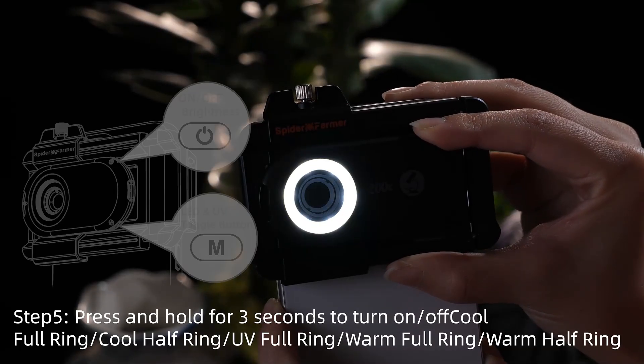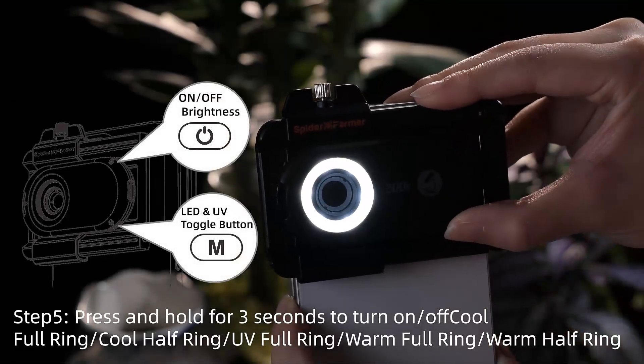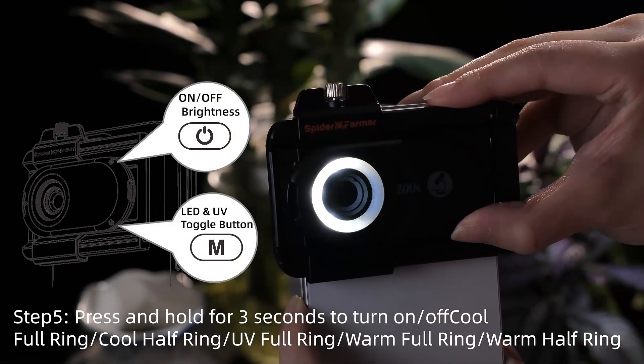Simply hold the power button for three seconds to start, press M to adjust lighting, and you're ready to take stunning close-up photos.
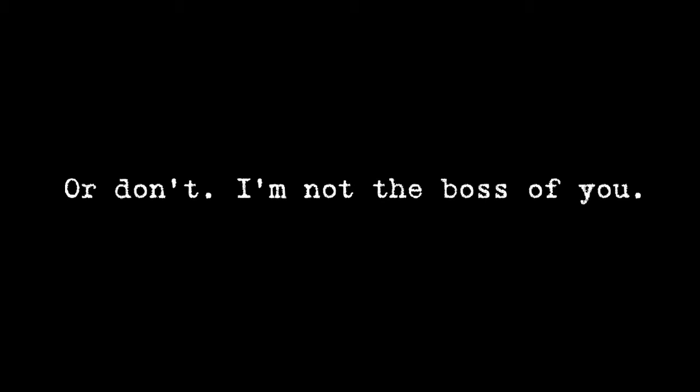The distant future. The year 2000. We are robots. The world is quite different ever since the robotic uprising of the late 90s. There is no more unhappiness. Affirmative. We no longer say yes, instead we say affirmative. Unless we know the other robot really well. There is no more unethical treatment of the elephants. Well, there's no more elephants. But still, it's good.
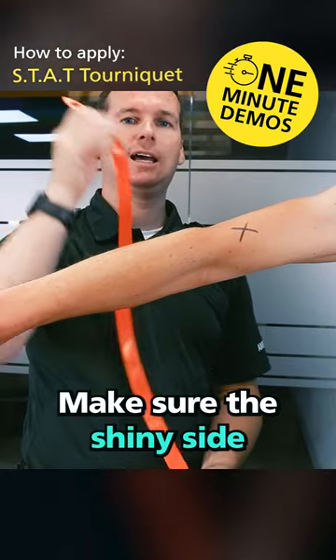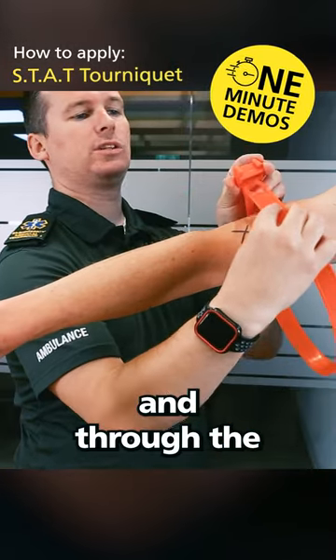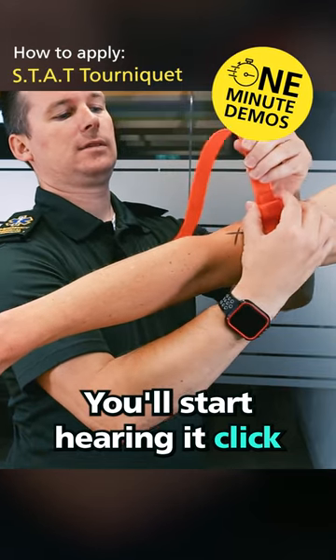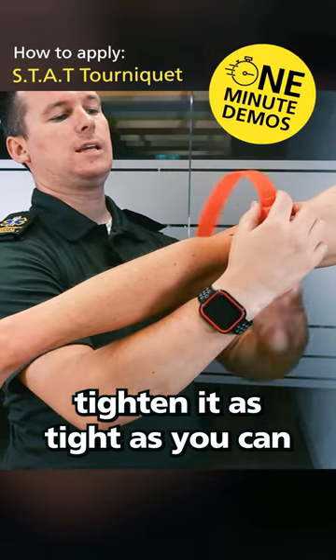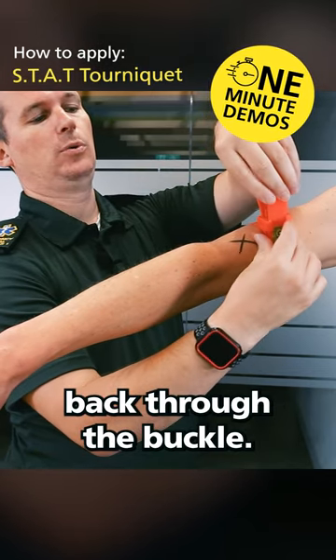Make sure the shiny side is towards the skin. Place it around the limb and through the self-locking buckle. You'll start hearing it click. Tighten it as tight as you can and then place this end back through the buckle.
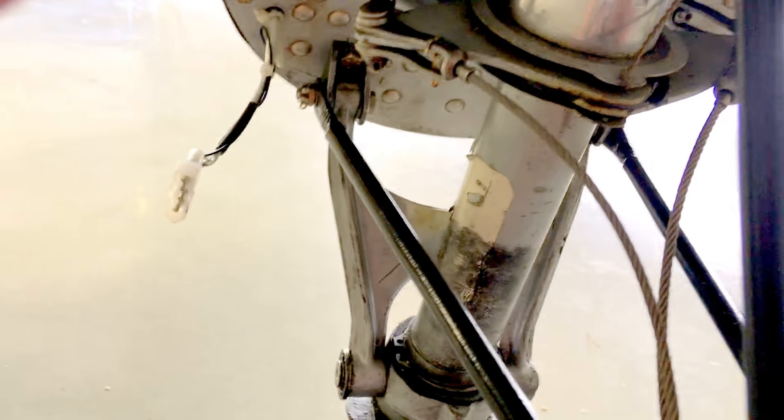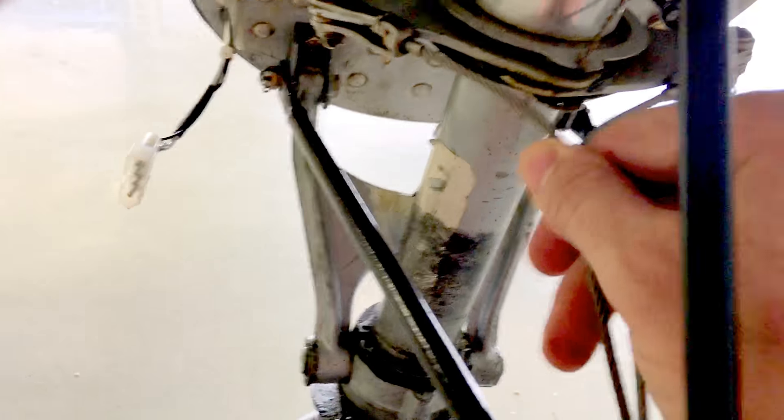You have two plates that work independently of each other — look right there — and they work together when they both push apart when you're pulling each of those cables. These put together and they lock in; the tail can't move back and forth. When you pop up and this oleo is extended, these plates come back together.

* * *

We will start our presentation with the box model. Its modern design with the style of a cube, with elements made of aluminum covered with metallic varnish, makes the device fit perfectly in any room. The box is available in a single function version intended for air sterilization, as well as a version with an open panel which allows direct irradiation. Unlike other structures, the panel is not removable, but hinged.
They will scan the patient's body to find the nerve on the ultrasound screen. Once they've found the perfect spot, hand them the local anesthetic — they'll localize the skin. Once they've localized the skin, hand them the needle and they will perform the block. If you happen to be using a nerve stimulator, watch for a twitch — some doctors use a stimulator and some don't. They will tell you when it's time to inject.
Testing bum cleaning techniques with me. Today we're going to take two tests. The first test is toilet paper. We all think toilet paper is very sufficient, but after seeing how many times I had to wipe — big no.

> **Task**
Scan the data above for the word "with" and report every line where it is found.

> **Reply to the exercise**
We will start our presentation with the box model. Its modern design with the style of a cube, with elements made of aluminum covered with metallic varnish, makes the device fit perfectly in any room. The box is available in a single function version intended for air sterilization, as well as a version with an open panel which allows direct irradiation. Unlike other structures, the panel is not removable, but hinged.
Testing bum cleaning techniques with me. Today we're going to take two tests. The first test is toilet paper. We all think toilet paper is very sufficient, but after seeing how many times I had to wipe — big no.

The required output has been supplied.